Real Answers from Real Pilots

Start Date and a Greeting

(Caleb Shearer) #1

Howdy folks,

I’ve been reading up on everything I can around here for a few weeks and figured since I have a start date I should go ahead and introduce myself. I’m a 26 year old college graduate (finally) pursuing the only thing I’ve ever wanted to do. I secured my financing and lined up all the other requirements and now have a start date of Feb 25th at the Conroe-North Houston location. Saying I’m excited for what is in store is quite the understatement. I have several goals I am striving towards leading up to my start date thanks to the information on this forum. I intend on knocking out all of the written exams before my start date and am already close to the point of scheduling my PAR.

I don’t have much more to say at the moment because any questions I’ve had have all been answered on this forum at some point. I may have some far looking questions (step 836 as Adam put it), but I think as I continue to read up on these and other forums that I will eventually find those answers as well. If not I know I can count the mentors and other students here for quality input.

In closing I really just want to say thanks to the pilot mentors and current students, specifically Adam, Chris, Tory, Tucker, Sergey, and Peter, for some absolutely invaluable content so far. This is an awesome community and I look forward to utilizing it and reaching the point where I can also help future students down the line.


Thank you Caleb. Feel free to ask anything and everything.

Oh and congrats to Sergey and Peter on your promotions :wink:


(Peter Banning) #3

Welcome to the board, Caleb! Thanks for the shout out. One of my favorite things about the aviation community is the willingness of most pilots to pay it forward. Looking forward to hearing more about your experience! Also, as you approach your start date, please feel free to ask any questions.

Adam, I’m only here to post Ric Flair gifs and pretend I’m talking to Tony Stark every time you post.

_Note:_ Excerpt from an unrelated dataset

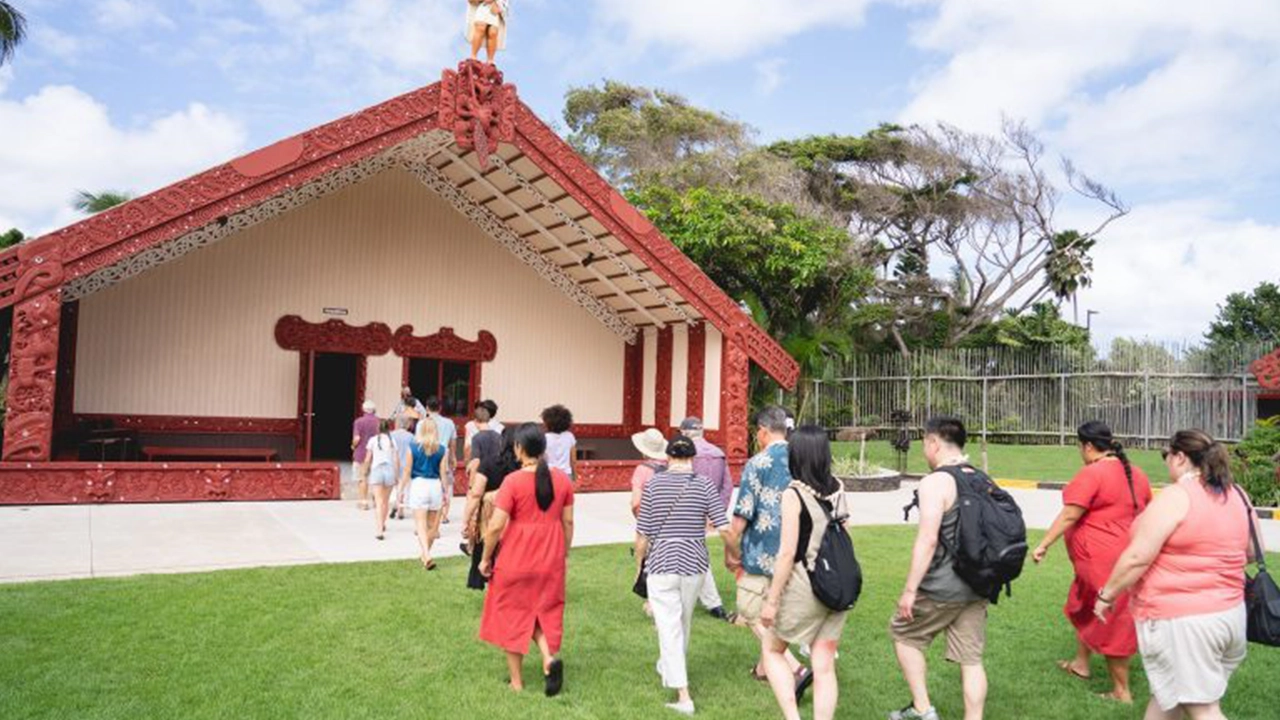 The Hawaikiroa building in the Aotearoa Village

Not all heroes wear capes. :grin:

(Tucker) #4

Welcome! Awesome to hear you are getting all that out of the way. If you need anything don’t be afraid to ask!

(Sergey Kireyev) #5

Congratulations, dude! Welcome to the family!

You have three whole months to get all of those writtens out of the way. You should be done in time with 2 weeks to spare :grin:

…why are you still reading this? Get to it!

(Caleb Shearer) #6

Well I took and passed my PAR yesterday and have started on the path to taking the IRA. Quick question for current and recently former students: How long did it take to study for each of the writtens in your experience and what were the tools you used besides the provided ones through King’s (for Private) and Sheppard Air? Thanks in advance.

Question for y’all at the major/legacy carriers: What was the jump like moving from FO to CA and did you switch aircraft to do so?


(Peter Banning) #7

The IRA was the most daunting one of them all, for sure. Largest question bank by a decent margin, and having not started instrument training yet - most of the concepts were very abstract. It definitely took some time. I used King Schools exclusively for the PAR. For the IRA, I used a combination of King Schools and Sheppard. You really shouldn’t need anything else.

As far as study time goes, it took several weeks for me to feel comfortable enough to take the IRA & FII consecutively. The rest of the tests became progressively shorter in study time. People complain a lot about the FOI because it doesn’t really pertain to aviation, but it has a tiny question bank, and the answers are all fairly unique in nature. Using Sheppard made it a cinch.

(Caleb Shearer) #8

Ah okay that is good to know, thanks for the quick response. In the emails I’ve received so far from ATP training it was described that the King’s School is only used for the PAR and that ATP students are automatically enrolled in Sheppard Air’s program for the rest of them. I will have to look into what they say about getting access to the Instrument course for King’s, as I did quite well with their program for the PAR.

As for the order, I’ve read that doing the FII and IGI consecutively after the IRA is the best course of action. Then moving on to the CAX, FIA, and AGI with the FOI rounding out the group. I’ve also heard that the order doesn’t particularly matter either, but if I can at least group the tests with similar concepts it would be better for memorization purposes.



I spent about two to three weeks studying for each written exam. I strictly used the King Schools prep series and was very happy with it (I purchased them on eBay).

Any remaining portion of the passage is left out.